Job Failure Diagnose

Lepton AI provides a built-in feature to automatically diagnose job failure. This feature is designed to help users quickly identify and resolve issues in batch jobs, ensuring optimal performance and reliability.

Let's walk through an example of how to use this feature to diagnose a job failure.

Prepare a Job Designed to Fail

First we need to create a job that will fail for testing.
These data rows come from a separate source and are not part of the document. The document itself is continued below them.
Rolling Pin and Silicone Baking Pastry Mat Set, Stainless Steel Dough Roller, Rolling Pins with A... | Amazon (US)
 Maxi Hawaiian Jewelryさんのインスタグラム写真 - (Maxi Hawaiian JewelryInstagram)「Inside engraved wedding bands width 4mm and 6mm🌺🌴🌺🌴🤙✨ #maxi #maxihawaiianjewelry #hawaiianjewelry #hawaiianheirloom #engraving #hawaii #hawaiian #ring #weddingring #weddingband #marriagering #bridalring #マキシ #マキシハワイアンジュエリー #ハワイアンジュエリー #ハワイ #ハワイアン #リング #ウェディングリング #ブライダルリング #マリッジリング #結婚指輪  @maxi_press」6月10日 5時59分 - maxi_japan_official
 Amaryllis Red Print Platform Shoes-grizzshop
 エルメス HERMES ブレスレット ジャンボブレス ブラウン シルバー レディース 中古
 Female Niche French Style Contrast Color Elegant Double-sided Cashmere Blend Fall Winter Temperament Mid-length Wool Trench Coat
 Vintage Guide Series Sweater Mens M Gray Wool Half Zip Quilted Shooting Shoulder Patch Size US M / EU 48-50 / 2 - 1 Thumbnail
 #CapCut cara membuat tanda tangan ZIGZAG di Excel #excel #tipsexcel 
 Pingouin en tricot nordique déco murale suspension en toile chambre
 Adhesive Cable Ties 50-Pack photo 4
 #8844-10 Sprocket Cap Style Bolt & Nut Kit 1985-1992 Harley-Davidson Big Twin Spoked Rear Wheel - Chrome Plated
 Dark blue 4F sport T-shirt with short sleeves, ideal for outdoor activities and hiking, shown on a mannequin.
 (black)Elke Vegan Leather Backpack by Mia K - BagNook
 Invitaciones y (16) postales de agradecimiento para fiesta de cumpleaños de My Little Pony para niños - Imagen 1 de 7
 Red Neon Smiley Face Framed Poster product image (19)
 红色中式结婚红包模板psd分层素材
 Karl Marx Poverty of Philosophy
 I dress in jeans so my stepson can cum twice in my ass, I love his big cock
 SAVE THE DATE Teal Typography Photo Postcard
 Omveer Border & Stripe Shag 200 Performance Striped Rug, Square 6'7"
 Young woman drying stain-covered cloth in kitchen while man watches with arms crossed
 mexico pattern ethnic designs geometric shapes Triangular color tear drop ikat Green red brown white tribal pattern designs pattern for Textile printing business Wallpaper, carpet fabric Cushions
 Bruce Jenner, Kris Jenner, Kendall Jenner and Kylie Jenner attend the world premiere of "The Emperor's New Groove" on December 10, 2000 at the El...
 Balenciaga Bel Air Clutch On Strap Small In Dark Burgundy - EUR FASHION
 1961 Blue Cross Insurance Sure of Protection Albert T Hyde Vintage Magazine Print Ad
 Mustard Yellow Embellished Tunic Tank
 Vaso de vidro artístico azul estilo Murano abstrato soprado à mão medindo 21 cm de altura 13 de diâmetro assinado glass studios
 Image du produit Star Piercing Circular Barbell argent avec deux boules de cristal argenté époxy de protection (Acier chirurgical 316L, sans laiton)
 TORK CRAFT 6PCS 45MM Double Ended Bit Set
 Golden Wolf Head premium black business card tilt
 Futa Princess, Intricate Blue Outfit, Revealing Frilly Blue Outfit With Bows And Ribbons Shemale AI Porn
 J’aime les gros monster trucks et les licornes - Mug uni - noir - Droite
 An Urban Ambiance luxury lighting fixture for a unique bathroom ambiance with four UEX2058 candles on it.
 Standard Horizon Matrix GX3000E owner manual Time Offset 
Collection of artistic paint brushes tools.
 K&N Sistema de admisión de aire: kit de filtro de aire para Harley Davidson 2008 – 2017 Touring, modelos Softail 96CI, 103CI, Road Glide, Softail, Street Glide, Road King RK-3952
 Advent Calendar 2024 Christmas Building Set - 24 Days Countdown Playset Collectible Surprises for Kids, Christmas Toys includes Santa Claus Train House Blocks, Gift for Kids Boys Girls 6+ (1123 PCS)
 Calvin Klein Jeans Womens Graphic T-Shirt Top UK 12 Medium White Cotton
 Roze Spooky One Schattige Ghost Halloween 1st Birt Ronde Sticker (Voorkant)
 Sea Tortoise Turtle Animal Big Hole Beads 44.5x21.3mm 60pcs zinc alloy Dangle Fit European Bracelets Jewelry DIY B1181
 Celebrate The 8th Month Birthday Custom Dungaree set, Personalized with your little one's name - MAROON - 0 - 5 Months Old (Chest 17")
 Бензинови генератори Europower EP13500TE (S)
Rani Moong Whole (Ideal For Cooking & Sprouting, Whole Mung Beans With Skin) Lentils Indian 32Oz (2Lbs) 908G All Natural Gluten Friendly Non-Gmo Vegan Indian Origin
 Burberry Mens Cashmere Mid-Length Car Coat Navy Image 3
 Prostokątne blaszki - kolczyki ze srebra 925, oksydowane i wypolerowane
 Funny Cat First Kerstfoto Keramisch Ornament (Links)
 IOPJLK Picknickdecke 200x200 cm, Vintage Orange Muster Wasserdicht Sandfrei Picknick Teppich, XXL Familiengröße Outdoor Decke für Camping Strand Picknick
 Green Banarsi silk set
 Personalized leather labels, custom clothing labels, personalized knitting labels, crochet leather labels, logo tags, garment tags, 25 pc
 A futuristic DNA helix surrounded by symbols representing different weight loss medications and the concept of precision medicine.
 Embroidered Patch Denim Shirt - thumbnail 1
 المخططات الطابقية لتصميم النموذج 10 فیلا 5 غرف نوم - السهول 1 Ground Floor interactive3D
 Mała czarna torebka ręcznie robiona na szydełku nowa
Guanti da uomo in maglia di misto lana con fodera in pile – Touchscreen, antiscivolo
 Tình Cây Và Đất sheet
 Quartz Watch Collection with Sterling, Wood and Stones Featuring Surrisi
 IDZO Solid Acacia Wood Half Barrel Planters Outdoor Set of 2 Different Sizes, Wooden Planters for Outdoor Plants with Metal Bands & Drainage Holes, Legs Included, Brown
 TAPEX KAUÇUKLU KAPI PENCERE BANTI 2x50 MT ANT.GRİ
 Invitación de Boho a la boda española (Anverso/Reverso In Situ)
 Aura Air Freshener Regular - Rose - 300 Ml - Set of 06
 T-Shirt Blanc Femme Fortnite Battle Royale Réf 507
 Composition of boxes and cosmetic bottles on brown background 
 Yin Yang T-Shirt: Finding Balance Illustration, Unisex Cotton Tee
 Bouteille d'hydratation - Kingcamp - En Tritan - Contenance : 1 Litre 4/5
The following script will create a memort leak on a GPU by continuously allocating tensors using Pytorch and preventing them from being garbage collected, until it reaches a target memory usage (defaulting to 10GB but configurable via command line).

import torch
import time
import argparse
import sys

def create_gpu_memory_leak(target_gb=10):
    if not torch.cuda.is_available():
        print("No GPU available. Exiting.")
        return

    print(f"Starting GPU memory leak test (target: {target_gb}GB)...")
    stored_tensors = []  # List to prevent garbage collection

    try:
        while True:
            # Create a 1GB tensor (approximately)
            # Using float32 (4 bytes) * 250M elements ≈ 1GB
            tensor = torch.rand(250_000_000, device='cuda:0')
            stored_tensors.append(tensor)  # Prevent garbage collection

            current_memory = torch.cuda.memory_allocated('cuda:0') / (1024**3)  # Convert to GB
            print(f"Current GPU memory usage: {current_memory:.2f} GB")

            if current_memory > target_gb:  # Use the target parameter
                print(f"Reached {target_gb}GB memory usage target")
                break

            time.sleep(0.1)  # Small delay to prevent system from becoming unresponsive
    except KeyboardInterrupt:
        print("\nTest interrupted by user")
    finally:
        print("Test completed")

if __name__ == "__main__":
    # python bad_job.py -t 100 for 100GB target
    parser = argparse.ArgumentParser(description='GPU Memory Leak Test')
    parser.add_argument('-t', '--target', type=float, default=10,
                      help='Target memory usage in GB (default: 10)')
    args = parser.parse_args()

    create_gpu_memory_leak(args.target)

Save the script as bad_job.py and upload it to the Lepton file system. using the following command:

lep storage upload bad_job.py

Create the Job

Navigate to the Batch Jobs page to create the job with the following configuration:

Resource

As we just want to test the job failure diagnosis feature, we can create a job with any desired GPU card and corresponding node group.

Container

In the container section, we will use the default image and paste the following command to run job:

python /mnt/bad_job.py -t 100 gigabytes # 100GB target memory usage

File System Mount

Open the Advanced configuration and click Add file system mount. In the "Mount from" part, choose the default path as we have uploaded the file to the default storage area, then specify /mnt in the "Mount as" section.

Create the Job

Click Create to create the job. Once the job is created, you can view the job in the Lepton Dashboard.

Diagnose Job Failure

The job will fail after reaching the target memory usage. And then you will see a failure message in the job details page. And for this example, you will see an error tag to show the job is failed due to ERR_GPU_OUT_OF_MEMORY. Hover over the error tag, you will see the detailed error message.